====== Raw data ======

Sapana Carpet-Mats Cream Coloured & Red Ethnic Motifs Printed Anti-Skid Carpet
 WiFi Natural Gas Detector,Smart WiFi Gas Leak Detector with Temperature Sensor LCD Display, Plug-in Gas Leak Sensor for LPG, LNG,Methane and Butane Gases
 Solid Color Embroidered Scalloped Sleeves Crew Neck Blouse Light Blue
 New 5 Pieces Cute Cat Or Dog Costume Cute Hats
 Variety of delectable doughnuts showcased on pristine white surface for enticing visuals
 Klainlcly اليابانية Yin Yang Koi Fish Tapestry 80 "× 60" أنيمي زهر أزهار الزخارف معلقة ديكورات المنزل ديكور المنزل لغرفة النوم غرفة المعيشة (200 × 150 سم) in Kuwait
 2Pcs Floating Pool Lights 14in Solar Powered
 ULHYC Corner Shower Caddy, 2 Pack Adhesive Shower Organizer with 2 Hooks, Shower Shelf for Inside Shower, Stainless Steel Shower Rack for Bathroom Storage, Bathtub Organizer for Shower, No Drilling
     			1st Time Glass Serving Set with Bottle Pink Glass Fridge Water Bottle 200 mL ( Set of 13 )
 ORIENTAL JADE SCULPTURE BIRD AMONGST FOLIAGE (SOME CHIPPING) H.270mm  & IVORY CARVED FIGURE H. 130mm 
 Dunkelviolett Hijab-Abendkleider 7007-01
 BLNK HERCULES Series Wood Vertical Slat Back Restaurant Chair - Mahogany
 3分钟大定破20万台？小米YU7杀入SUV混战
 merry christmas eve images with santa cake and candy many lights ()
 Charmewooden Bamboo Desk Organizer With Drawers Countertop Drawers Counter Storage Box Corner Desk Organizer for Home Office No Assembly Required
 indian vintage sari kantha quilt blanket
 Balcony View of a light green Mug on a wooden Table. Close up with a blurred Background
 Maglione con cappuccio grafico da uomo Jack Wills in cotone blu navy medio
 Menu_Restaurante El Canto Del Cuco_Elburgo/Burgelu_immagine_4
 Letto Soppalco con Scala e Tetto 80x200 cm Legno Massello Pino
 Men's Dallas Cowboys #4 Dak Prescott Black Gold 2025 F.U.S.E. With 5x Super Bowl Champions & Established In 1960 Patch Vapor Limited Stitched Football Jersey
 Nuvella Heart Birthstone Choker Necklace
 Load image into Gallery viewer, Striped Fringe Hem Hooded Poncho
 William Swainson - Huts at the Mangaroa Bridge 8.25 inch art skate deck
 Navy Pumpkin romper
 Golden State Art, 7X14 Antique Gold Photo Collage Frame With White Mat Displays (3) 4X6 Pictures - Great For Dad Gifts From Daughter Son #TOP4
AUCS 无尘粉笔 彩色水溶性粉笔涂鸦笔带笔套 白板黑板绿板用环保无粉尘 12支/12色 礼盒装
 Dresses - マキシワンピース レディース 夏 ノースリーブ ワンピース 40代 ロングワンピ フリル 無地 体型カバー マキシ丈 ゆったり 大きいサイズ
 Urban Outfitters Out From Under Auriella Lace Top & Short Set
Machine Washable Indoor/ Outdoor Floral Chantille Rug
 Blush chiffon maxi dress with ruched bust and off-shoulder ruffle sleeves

======

→ Requirement
Print, please, the lines above from the very first through the one that holds "AUCS 无尘粉笔 彩色水溶性粉笔涂鸦笔带笔套", both included, word for word and with nothing else.

→ The completed task
Sapana Carpet-Mats Cream Coloured & Red Ethnic Motifs Printed Anti-Skid Carpet
 WiFi Natural Gas Detector,Smart WiFi Gas Leak Detector with Temperature Sensor LCD Display, Plug-in Gas Leak Sensor for LPG, LNG,Methane and Butane Gases
 Solid Color Embroidered Scalloped Sleeves Crew Neck Blouse Light Blue
 New 5 Pieces Cute Cat Or Dog Costume Cute Hats
 Variety of delectable doughnuts showcased on pristine white surface for enticing visuals
 Klainlcly اليابانية Yin Yang Koi Fish Tapestry 80 "× 60" أنيمي زهر أزهار الزخارف معلقة ديكورات المنزل ديكور المنزل لغرفة النوم غرفة المعيشة (200 × 150 سم) in Kuwait
 2Pcs Floating Pool Lights 14in Solar Powered
 ULHYC Corner Shower Caddy, 2 Pack Adhesive Shower Organizer with 2 Hooks, Shower Shelf for Inside Shower, Stainless Steel Shower Rack for Bathroom Storage, Bathtub Organizer for Shower, No Drilling
     			1st Time Glass Serving Set with Bottle Pink Glass Fridge Water Bottle 200 mL ( Set of 13 )
 ORIENTAL JADE SCULPTURE BIRD AMONGST FOLIAGE (SOME CHIPPING) H.270mm  & IVORY CARVED FIGURE H. 130mm 
 Dunkelviolett Hijab-Abendkleider 7007-01
 BLNK HERCULES Series Wood Vertical Slat Back Restaurant Chair - Mahogany
 3分钟大定破20万台？小米YU7杀入SUV混战
 merry christmas eve images with santa cake and candy many lights ()
 Charmewooden Bamboo Desk Organizer With Drawers Countertop Drawers Counter Storage Box Corner Desk Organizer for Home Office No Assembly Required
 indian vintage sari kantha quilt blanket
 Balcony View of a light green Mug on a wooden Table. Close up with a blurred Background
 Maglione con cappuccio grafico da uomo Jack Wills in cotone blu navy medio
 Menu_Restaurante El Canto Del Cuco_Elburgo/Burgelu_immagine_4
 Letto Soppalco con Scala e Tetto 80x200 cm Legno Massello Pino
 Men's Dallas Cowboys #4 Dak Prescott Black Gold 2025 F.U.S.E. With 5x Super Bowl Champions & Established In 1960 Patch Vapor Limited Stitched Football Jersey
 Nuvella Heart Birthstone Choker Necklace
 Load image into Gallery viewer, Striped Fringe Hem Hooded Poncho
 William Swainson - Huts at the Mangaroa Bridge 8.25 inch art skate deck
 Navy Pumpkin romper
 Golden State Art, 7X14 Antique Gold Photo Collage Frame With White Mat Displays (3) 4X6 Pictures - Great For Dad Gifts From Daughter Son #TOP4
AUCS 无尘粉笔 彩色水溶性粉笔涂鸦笔带笔套 白板黑板绿板用环保无粉尘 12支/12色 礼盒装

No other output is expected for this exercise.